17. Ey Müslüman! Eğer orada bulunup bu acayip manzarayı seyretmiş olsaydın, doğduğu zaman güneşin, girişi kuzeye bakan mağaranın sağ tarafına nasıl yöneldiğini, batarken de sol taraflarından onları hiç rahatsız etmeyecek şekilde nasıl yalayıp geçtiğini görürdün. Onlar ise her şeyden habersiz, mağaranın genişçe bir dehlizinde uzanmış uymakta idiler. Ve bunların hiçbirisi, kendiliğinden meydana gelmiş olaylar değildi. Aksine bu, Allah'ın sınırsız kudret ve merhametini gözler önüne seren delillerinden birisiydi. O hâlde, bu delilleri doğru okuyarak Rabb'inizin gösterdiği yolda yürüyün. Unutmayın; Allah kimi doğru yola iletirse, işte odur doğru yolda yürüyen. Kimi de —hak ettiği için— sapıklık içinde bırakırsa, artık böyle birine, kendisini doğru yola iletecek bir yardımcı, bir dost bulamazsın.

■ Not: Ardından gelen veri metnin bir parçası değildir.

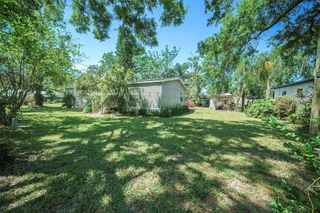 12302- PITTSFIELD AVENUE, Tampa, FL 33624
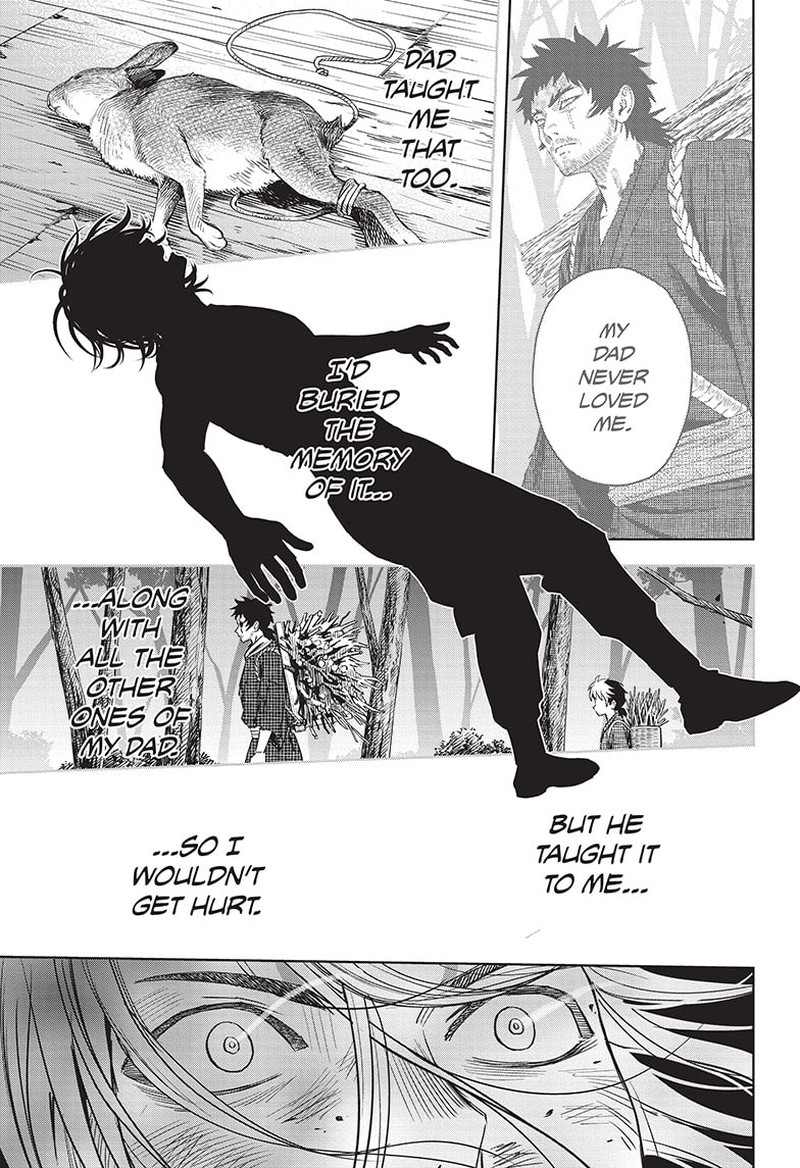 Chapter 125 (Image 15)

18. Evet, onları o halleriyle bir görseydin, uykuda olmalarına rağmen uyanık sanırdın. Çünkü Biz onları bir sağ yanlarına, bir sol yanlarına çeviriyorduk. Bu arada köpekleri, mağaranın girişinde ön ayaklarını uzatmış uyumaktaydı. Şayet onlara rastlamış olsaydın, onların o dehşet verici, heybetli duruşlarından dolayı için korkuyla dolar ve derhal arkanı dönüp oradan kaçardın. İşte böylece, onları uzun bir süre gözlerden koruduk.

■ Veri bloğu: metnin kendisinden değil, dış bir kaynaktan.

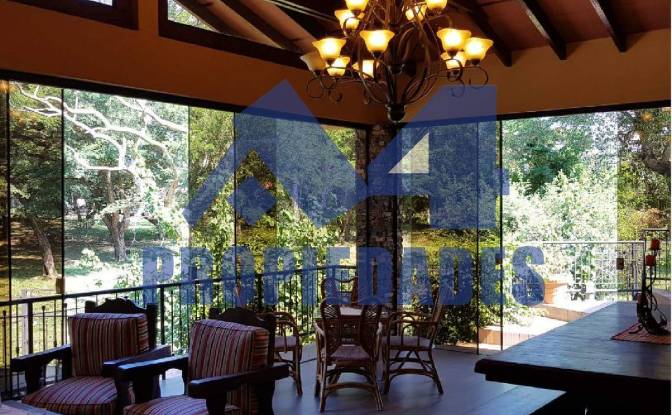 Villa in vendita Lambare 110727, Lambare. Foto#6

19. Derken aradan uzun yıllar geçti ve zamanı gelince onları yeniden uyandırdık. Şaşkınlıkla neler olup bittiğini birbirlerine sormaya başladılar. İçlerinden biri, "Acaba burada ne kadar kalmışızdır?" diye sordu. Diğerleri, "Olsa olsa bir gün veya daha kısa bir süre." dediler. Fakat kesin bir karara varamayınca, her müminin yaptığı gibi, bilemedikleri konuda hükmü Allah'a bırakarak dediler ki: "Ne kadar kaldığımızı en iyi Rabb'imiz bilir. Hele şimdi içimizden birini şu gümüş paralarla şehre yollayalım da, temiz yiyeceklerden seçip bize biraz erzak getirsin. Fakat çok dikkatli davransın, sakın bizim burada saklandığımızı kimseye sezdirmesin!"

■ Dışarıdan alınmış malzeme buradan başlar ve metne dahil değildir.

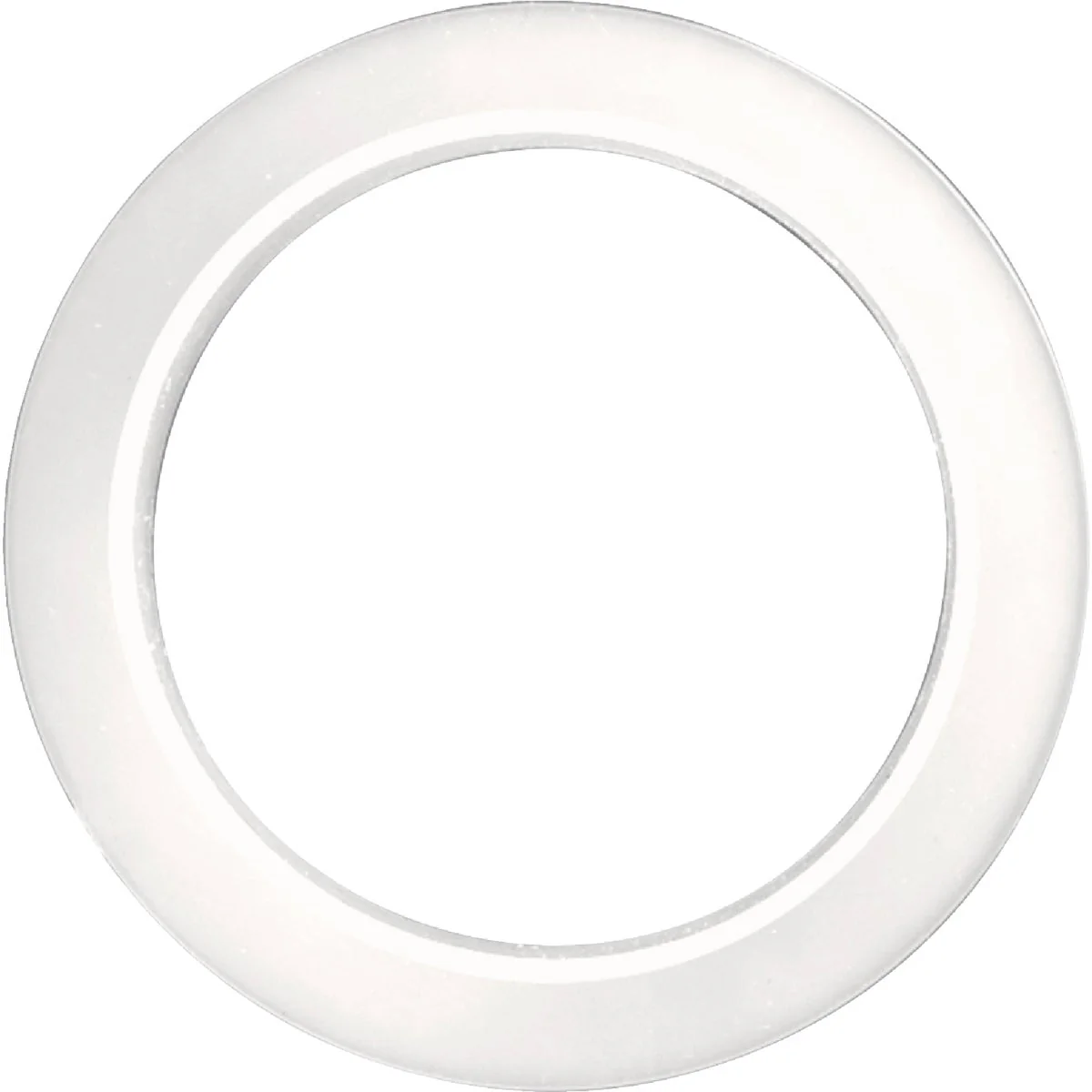 Flexible Danco 1-3 4 In. Polypropylene Sink Strainer Coupling Washer High-Grade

20. "Çünkü onlar bizi ele geçirirlerse, hepimizi taşa tutup hunharca öldürürler ya da baskı ve işkenceyle bizi o kendi batıl dinlerine geri döndürürler ki, o zaman asla kurtuluş yüzü göremeyiz!"
Gönderilen genç, aradan uzun yıllar geçtiğinden habersiz olarak çarşıda dolaşmaya başladı. İnsanlar, antika paralarla alışveriş yapmaya çalışan genci görünce merakla etrafına toplandılar. Sonra durum yöneticilere haber verildi. Hep birlikte mağaraya geldiler ve mağaradaki gençlerin durumunu görerek hayret verici gerçeği öğrendiler. Bir süre sonra gençler, uyandıkları yerde Rab'lerine ruhlarını teslim ettiler.